A avaliação da aprendizagem é uma temática que tem ocupado um vasto espaço de discussões e reflexões na esfera educacional, caracterizando-se como mecanismo intrínseco da prática pedagógica docente no ambiente escolar. Logo, esta não se constitui como uma ação que se desenvolve posteriori a prática pedagógica, mas sim como um processo contínuo, constante e gradativo em que, a partir dos progressos e/ou dificuldades apresentadas pelos/as estudantes, o corpo docente poderá buscar outras estratégias que melhor possam robustecer o processo de aprendizagem.
Desse modo, Luckesi (2012) evidencia a imprescindibilidade de o professor desenvolver uma constante reflexão sobre a sua prática e direcioná-la consoante ao contexto sócio-histórico em que atua. Assim, para que a práxis educativa esteja inclinada às demandas dos/as educandos/as, faz-se necessário que a escola, e especialmente os/as professores/as ressignifiquem e adequem o fazer pedagógico às querelas sociais, políticas e culturais que são assumidas nas pautas do sistema educacional atual. Ademais, é pertinente elucidar que a avaliação da aprendizagem possui um caráter multidimensional (Hadji, 2001), que contempla profusos contextos, realidades, formas e encadeamentos do conhecimento (Oliveira, 2010).

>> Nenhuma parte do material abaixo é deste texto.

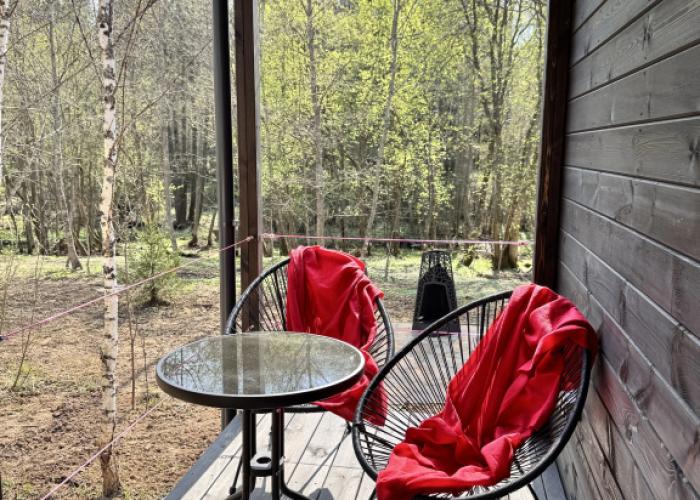 Iks-Les Guest house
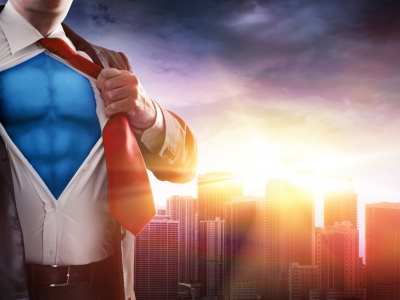 Ist Corona das Kryptonit der Fitnessbranche?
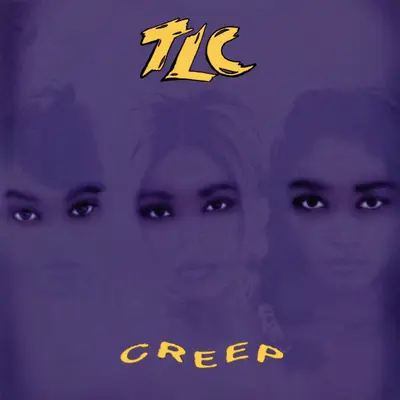 Creep (DARP Mix)封面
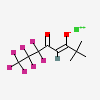 an image of a chemical structure CID 164887178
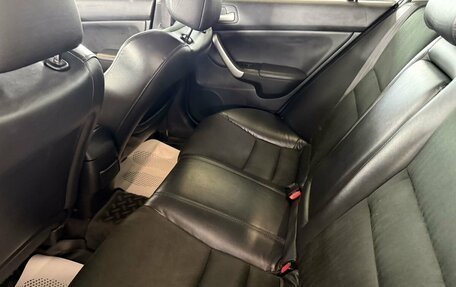 Honda Accord VII рестайлинг, 2004 год, 485 000 рублей, 8 фотография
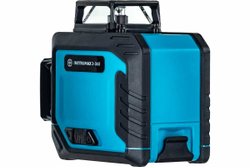 Лазерный уровень INSTRUMAX 3-360 IM0138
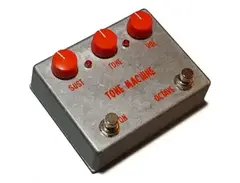 Analog Fox Tone Machine main image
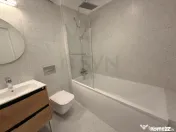 Apartament 3 camere nemobilat I Pipera I Lux I De inchiriat 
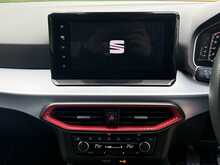 SEAT Ibiza TSI FR Sport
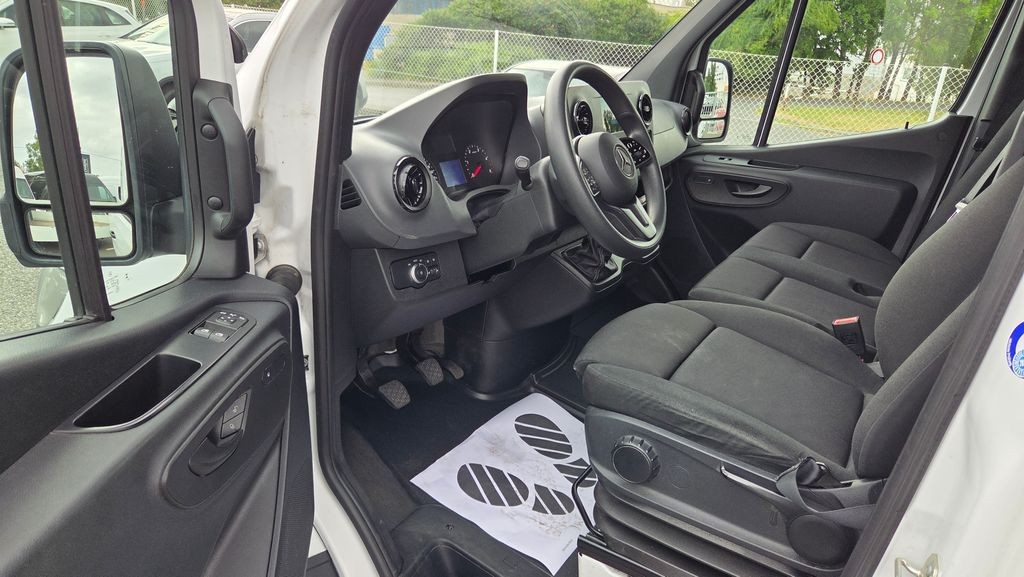 Mercedes-Benz Sprinter 317CDI/S (foto 8)
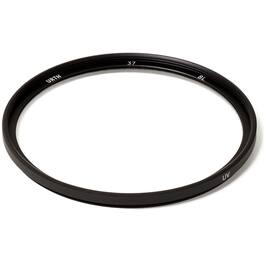 Urth - 37mm Circular UV Lens Filter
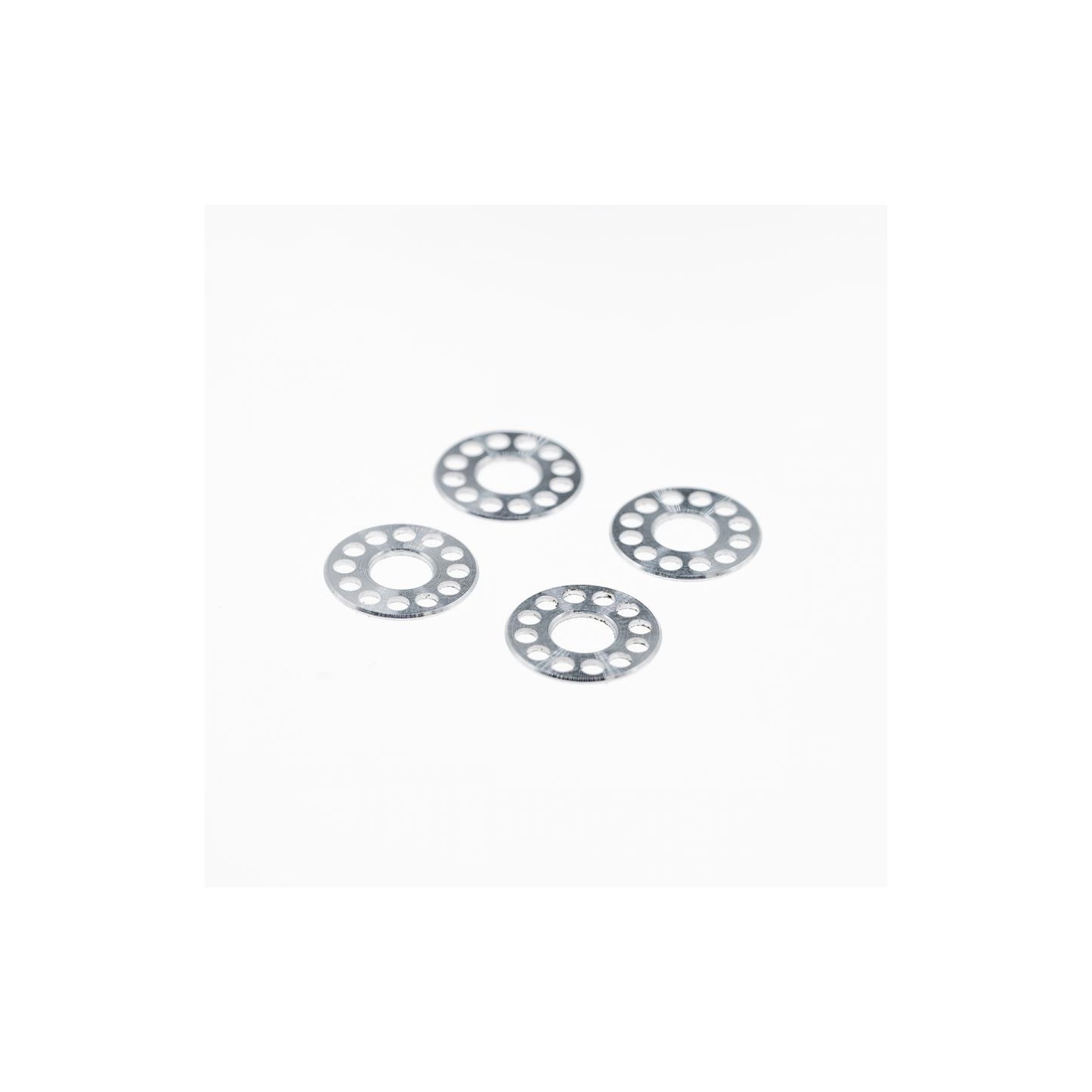 LabGT2 rasamento pivot bracci 0,5mm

Conscientes, pois, da relevância da avaliação ao processo de ensino-aprendizagem, conversamos com o professor Cipriano Carlos Luckesi, reconhecido nacionalmente enquanto um exímio estudioso da avaliação da aprendizagem e autor de diversas obras de referência sobre o tema, dentre as quais: prática docente e avaliação (1990), avaliação da aprendizagem escolar (1995), avaliação da aprendizagem na escola (2003), avaliação da aprendizagem: componente do ato pedagógico (2011).
Cipriano Luckesi1 possui licenciatura em filosofia (1970), pelo Instituto de Filosofia e Ciências Humanas da Universidade Católica do Salvador (UCSAL), e bacharelado em teologia (1968), pela Faculdade de Teologia Nossa Senhora da Assunção da Pontifícia Universidade Católica de São Paulo (PUC-SP). Tem mestrado em ciências sociais (1976), pela Faculdade de Filosofia e Ciências Humanas da Universidade Federal da Bahia (UFBA), e doutorado em educação (1992), pelo programa de pós-graduação da PUC-SP.

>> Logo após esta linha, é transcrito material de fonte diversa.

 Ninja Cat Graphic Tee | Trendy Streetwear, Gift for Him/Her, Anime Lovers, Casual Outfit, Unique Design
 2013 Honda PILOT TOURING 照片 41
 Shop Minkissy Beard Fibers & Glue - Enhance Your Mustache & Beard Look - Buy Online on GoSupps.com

No que concerne à atuação profissional, é atualmente professor aposentado da Faculdade de Filosofia da Universidade Federal da Bahia, na qual atuou como docente do departamento de filosofia, lecionando na graduação, no período de 1971 a 2002. No tocante ao curso de graduação em filosofia, ele ensinou, principalmente, as disciplinas de introdução à filosofia, axiologia, pensamento filosófico na América Latina e leitura do texto filosófico.

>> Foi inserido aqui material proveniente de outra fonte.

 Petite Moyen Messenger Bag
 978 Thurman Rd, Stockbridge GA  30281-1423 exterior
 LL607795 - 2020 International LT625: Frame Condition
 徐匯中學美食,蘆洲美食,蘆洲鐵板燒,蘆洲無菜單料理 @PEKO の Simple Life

Luckesi atuou no programa de pós-graduação em educação (mestrado e doutorado) da Faculdade de Educação da UFBA, no período de 1985 a 2010, ministrando aulas e desenvolvendo atividades de orientação para mestrandos e doutorandos. Ainda, o pesquisador trabalhou na Universidade Estadual de Feira de Santana (UEFS), vinculado ao departamento de ciências humanas e filosofia, lecionando a disciplina de metodologia do trabalho científico e metodologia da pesquisa, no período de 1976 a 1994.
Nessa direção, suas áreas de atuação e pesquisa voltam-se às temáticas da filosofia da educação, teoria do ensino, didática, educação e ludicidade e avaliação da aprendizagem escolar (tema no qual, ao longo do tempo, sagrou-se referência), comportando em sua produção científica mais de 14 livros publicados, além de diversos artigos em revistas especializadas.
Nesta entrevista, dialogamos com o professor Luckesi sobre a materialização da avaliação formativa na educação escolar, as repercussões da avaliação provocadas pelas diferenças regionais no processo de formação de professores, a utilização de provas como instrumento de aprovação e reprovação no percurso formativo de professores e sobre os impasses e potencialidades à avaliação no contexto do retorno ao ensino presencial na educação brasileira. Assim sendo, a entrevista sedimenta o entendimento que a avaliação da aprendizagem constitui um mecanismo que promove a formação qualitativa dos sujeitos e sua emancipação, contrapondo os paradigmas de ensino liberal e conservador que atendem necessidades e interesses de um modelo dominante (Luckesi, 2012).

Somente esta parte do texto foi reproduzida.